Cependant, l'administration Obama a jusqu'à présent résisté à de telles exhortations, suggérant plutôt que pour faire face à Boko Haram il faut une approche beaucoup plus subtile que celle qui a été adoptée par le gouvernement de Jonathan.

“L'administration Jonathan a choisi de voir Boko Haram comme essentiellement une question de sécurité: envoyez plus de policiers à ses trousses, envoyez plus de militaires le traquer, recevez plus d'aide internationale en étiquetant tout comme un effort anti-terroriste”, a déclaré John Campbell, un expert du Nigeria à l’influent 'Council on Foreign Relations' (Conseil des relations étrangères).

“Boko Haram n'est pas une organisation; c'est un mouvement ayant des souches et causes multiples”, en son sein, des leaders politiques du nord qui se sentent marginalisés, a-t-il déclaré à IPS.

“Mon argument est que Boko Haram est fondamentalement une question politique, qu'il émerge de circonstances particulièrement nigérianes; qu'il a peu à voir avec le terrorisme international (bien qu'il utilise sans doute des méthodes terroristes); et il y a peu ou pas de rôle pour les Etats-Unis”.

“Il pourrait acquérir un caractère djihadiste, et la façon dont il pourrait le faire est si les Etats-Unis sont considérés comme favorables aux approches sécuritaires nigérianes face à Boko Haram”, a indiqué Campbell, qui, en tant qu’ancien diplomate, a effectué deux voyages au Nigeria.

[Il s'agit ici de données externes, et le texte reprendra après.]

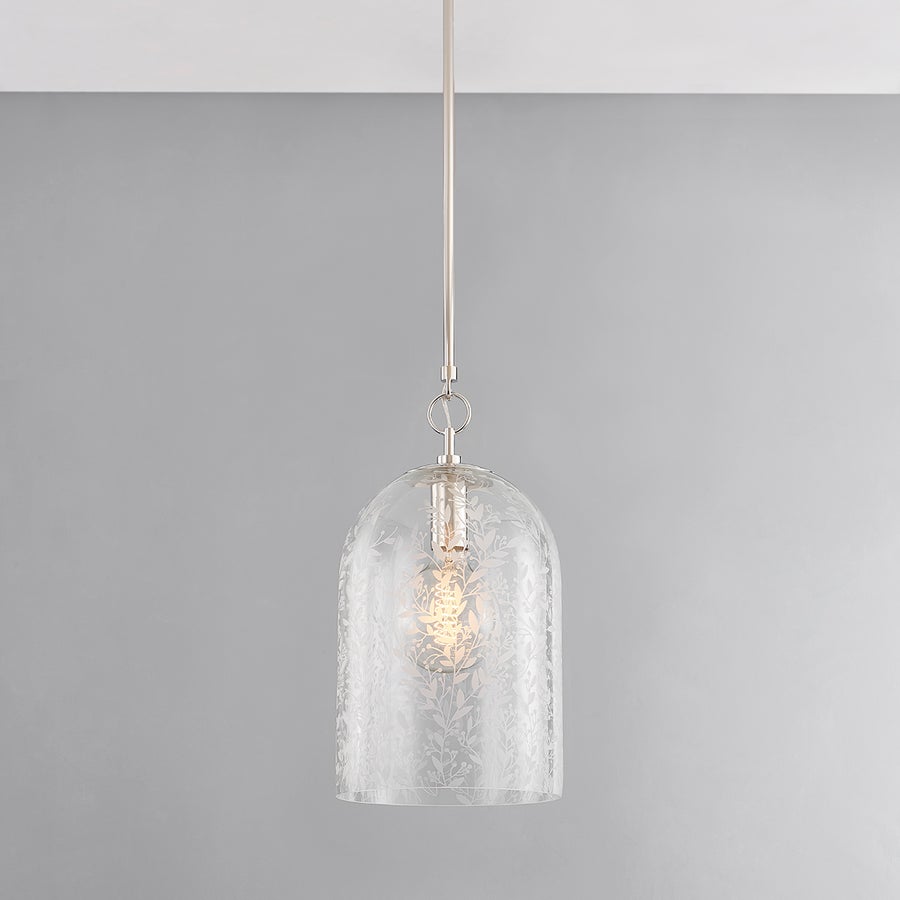 Hudson Valley Lighting Belleville Pendant — Polished Nickel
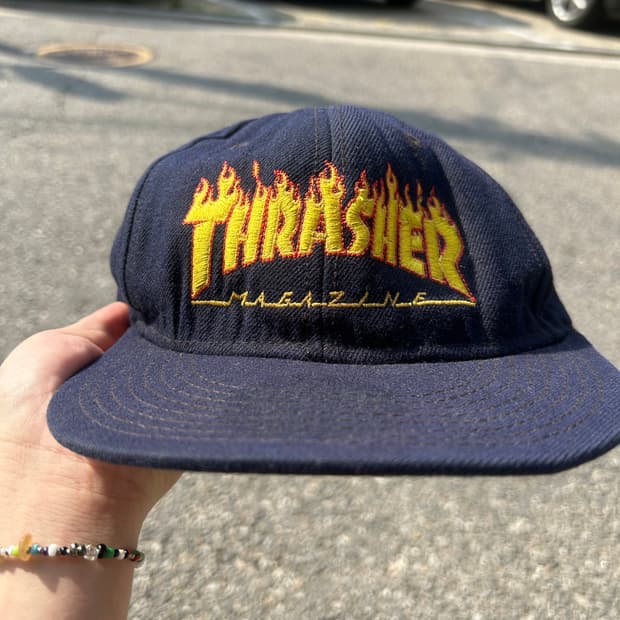 90-00’s 트레셔 스냅백 otto cap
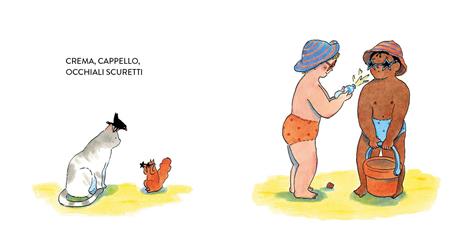 Cece e Cice nella sabbia. Ediz. a colori - Alice Keller - 2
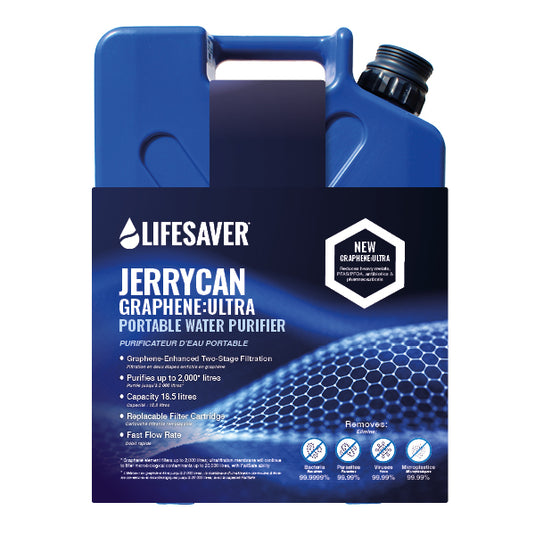 Bidón LifeSaver Graphene:Ultra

La modération américaine semblait se traduire dans la déclaration mardi du département d'Etat lue par son porte-parole, Victoria Nuland, qui a dit que les Etats-Unis “condamnent fermement les attaques terroristes dans la ville de Kano et dans l'Etat de Bauchi… et demandent que les auteurs soient tenus pour responsables”.

“Les Etats-Unis demeurent fortement engagés à collaborer avec les autorités nigérianes afin de trouver un moyen d’amener la paix dans le nord par des réponses à la fois sécuritaires et politiques, et à travailler avec le gouvernement nigérian et d’autres dans la communauté internationale pour promouvoir un développement économique plus grand et une croissance à long terme dans tout le nord du Nigeria”, a-t-elle affirmé.

“Nous réitérons l'importance de protéger les civils innocents dans toute réponse comme l’application de la loi à de telles attaques”, ajoute la déclaration.